**Assignment**: Records follow. Print exactly the lines from the one that has "Melissa Joan Hart" through the one that has "Used 2021 Chevrolet", inclusive, and omit the pictures.

**Source material**:

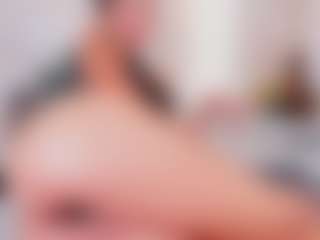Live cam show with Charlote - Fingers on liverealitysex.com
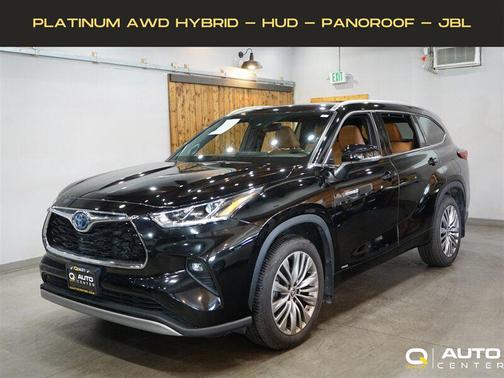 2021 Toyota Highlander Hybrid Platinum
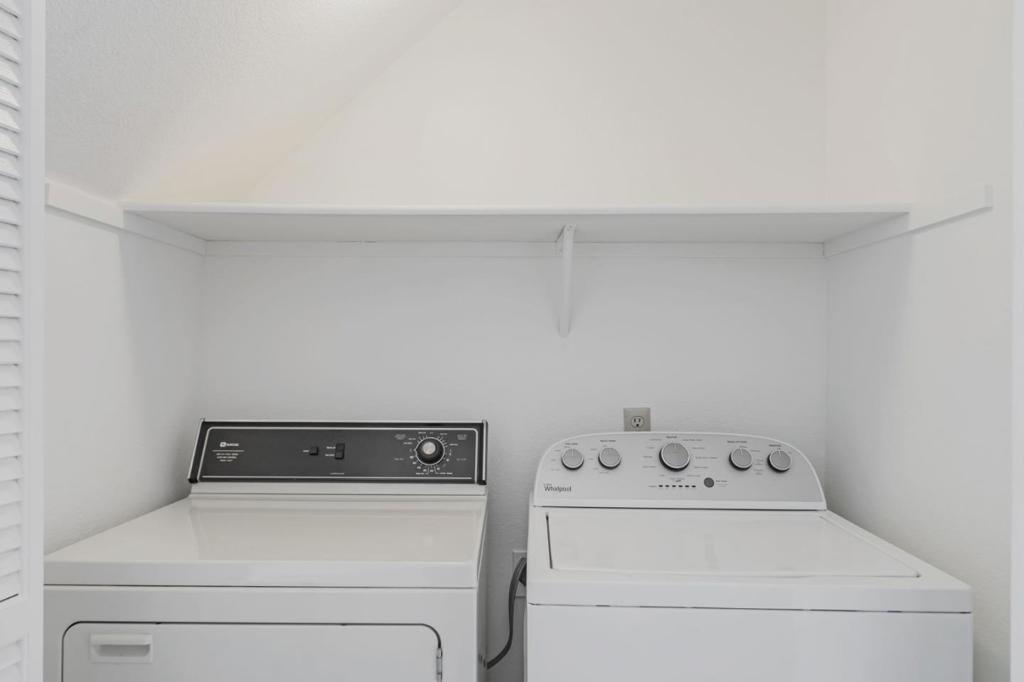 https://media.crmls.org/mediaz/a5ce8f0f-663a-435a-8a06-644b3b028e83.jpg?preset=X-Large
==
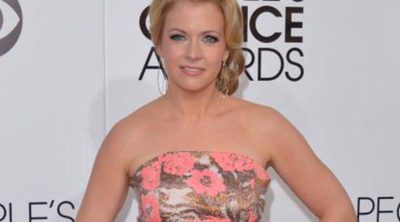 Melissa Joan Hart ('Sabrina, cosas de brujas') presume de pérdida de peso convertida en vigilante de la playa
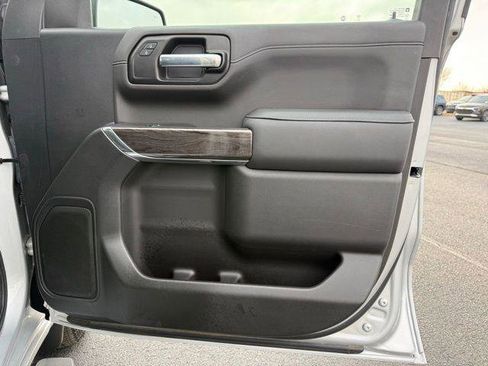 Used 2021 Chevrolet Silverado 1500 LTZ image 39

**Written answer**:
 Melissa Joan Hart ('Sabrina, cosas de brujas') presume de pérdida de peso convertida en vigilante de la playa
 Used 2021 Chevrolet Silverado 1500 LTZ image 39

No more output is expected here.